The downside of abundance

Pick me up a blender on your way back from work, my girlfriend asked me. And there I stood, in a heavily lit kitchen appliance shop, in front of a wall that displayed over fifteen neatly polished blenders in a broad variety of colours. I got stressed out by this abundance, wanted to avoid arbitrariness and decided to go home empty-handedly.

Back at home I googled ‘blender + best + buy’, but the numerous reviews that came up talked about subjective things and technical features I didn’t particularly care about: the amount of horsepowers, the sharpness of the blades, nutrition facts on blended food and the coolness of blenders in general. I was starting to get disheartened, as it seemed impossible to buy an object without marketingblabla. Being seduced by colours and stories is not my hobby, I just want my blender. Manufactured by the company that invented the blender. Or by the company that has set the industry standard of the blender. I just want that ONE blender.

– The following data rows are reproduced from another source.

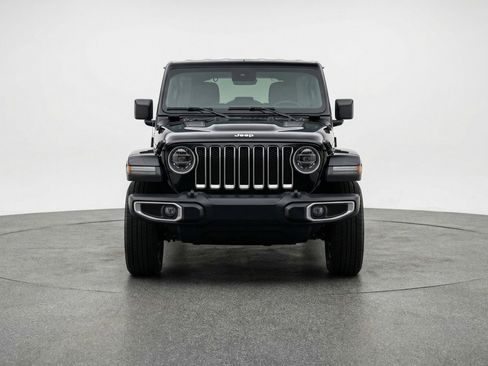 Used 2025 Jeep Wrangler Sahara image 2
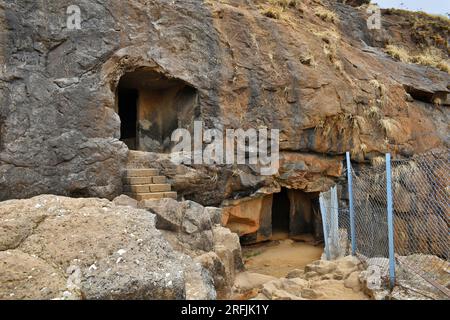 Vue de Vihara inachevé montrant la cellule deux portes, Stairs Cave n ° 20 avec la roche taillée à Bhaja Caves, ancien bouddhiste construit au 2e siècle avant JC, au cours de Th Banque D'Images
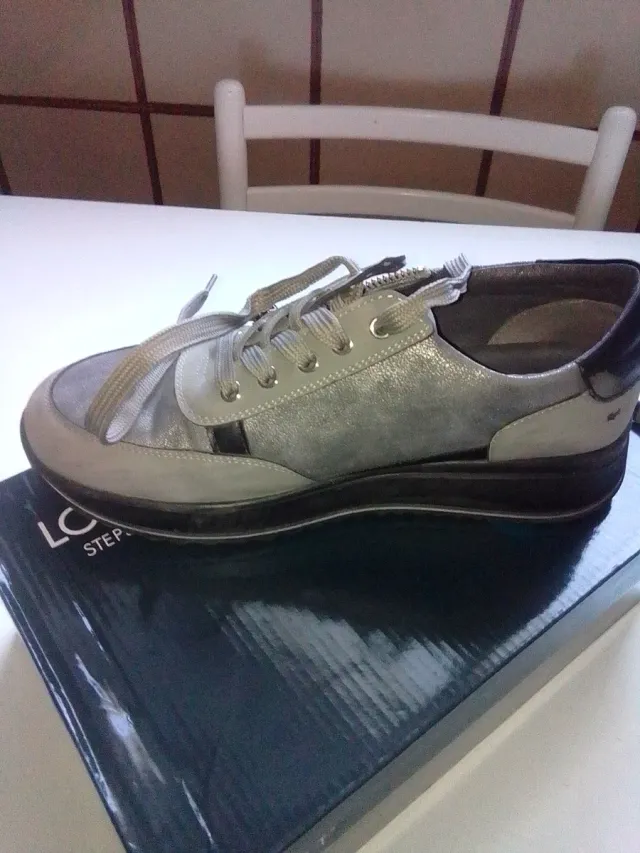 Scarpe donna grigie con zip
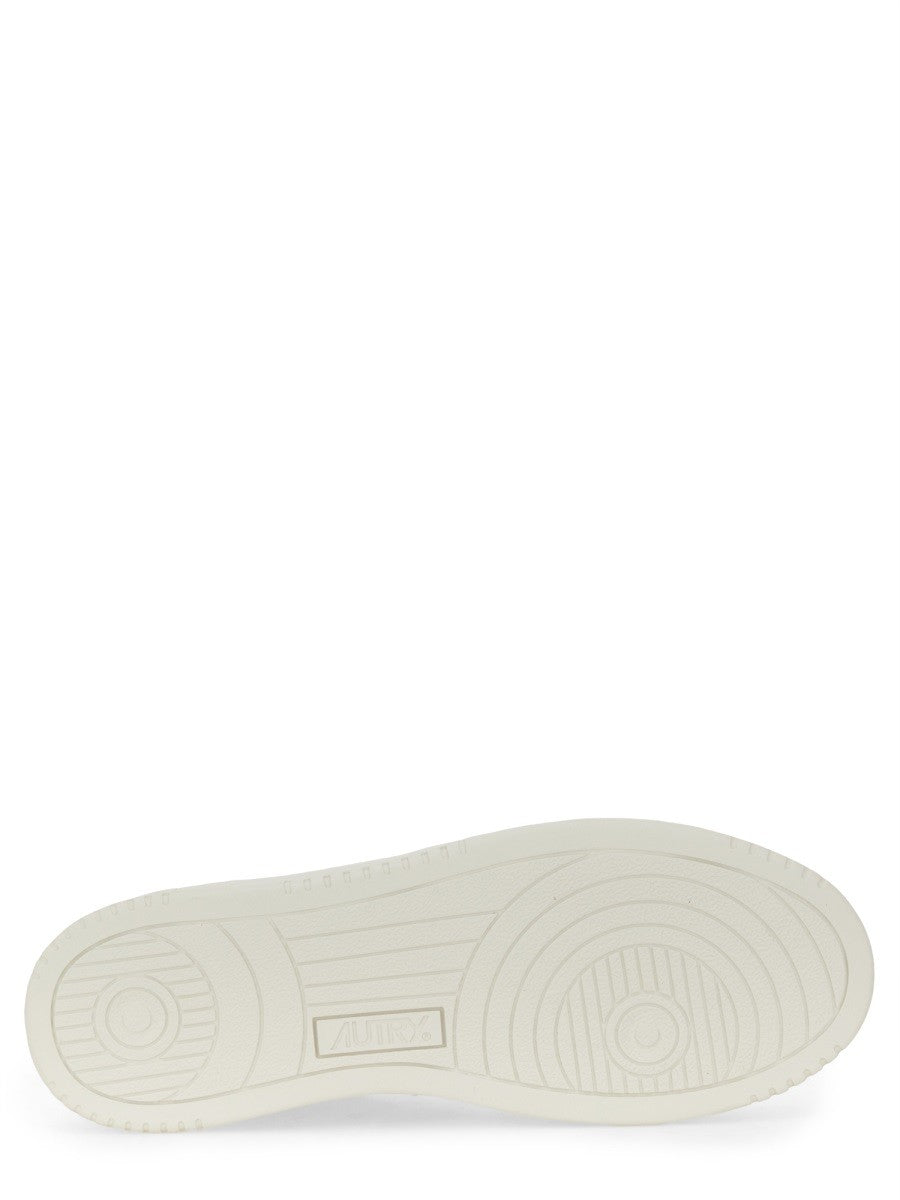 Autry - "MEDALIST LOW" SNEAKER medalist-low-sneaker_9c784f52-e2b7-4772-809e-dd9be6dc1db1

It was clear that I had to do some research. Not an easy task as the content on websites is always sponsored and thus lacks objectiveness. Reading books on classic designs, I just stumbled upon gratuitous lists of iconic designs and design classics. It struck me that all publications focussed mainly on chairs and lighting, but very little on other objects of use – and none mentioned a blender!

This for me was the reason to bring Wikiconic into life: a concise guide where you can look up a desired object to find its origins and its most iconic manufacturer. An objective list of all the things you needs to own. Easy as that.